Please reproduce all of the lines below, word for word and in full.
(Beginning of DATASET ENTRIES)
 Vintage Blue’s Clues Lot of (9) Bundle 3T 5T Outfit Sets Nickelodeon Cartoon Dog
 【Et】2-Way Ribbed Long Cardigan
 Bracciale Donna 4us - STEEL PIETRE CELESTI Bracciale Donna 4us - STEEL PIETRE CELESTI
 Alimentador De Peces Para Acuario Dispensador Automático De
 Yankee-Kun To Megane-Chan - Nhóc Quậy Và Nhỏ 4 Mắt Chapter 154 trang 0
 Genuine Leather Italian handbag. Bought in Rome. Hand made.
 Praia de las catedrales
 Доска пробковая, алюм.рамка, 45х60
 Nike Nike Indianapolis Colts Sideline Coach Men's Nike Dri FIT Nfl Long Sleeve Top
(End of DATASET ENTRIES)
FINISHED EXERCISE:
 Vintage Blue’s Clues Lot of (9) Bundle 3T 5T Outfit Sets Nickelodeon Cartoon Dog
 【Et】2-Way Ribbed Long Cardigan
 Bracciale Donna 4us - STEEL PIETRE CELESTI Bracciale Donna 4us - STEEL PIETRE CELESTI
 Alimentador De Peces Para Acuario Dispensador Automático De
 Yankee-Kun To Megane-Chan - Nhóc Quậy Và Nhỏ 4 Mắt Chapter 154 trang 0
 Genuine Leather Italian handbag. Bought in Rome. Hand made.
 Praia de las catedrales
 Доска пробковая, алюм.рамка, 45х60
 Nike Nike Indianapolis Colts Sideline Coach Men's Nike Dri FIT Nfl Long Sleeve Top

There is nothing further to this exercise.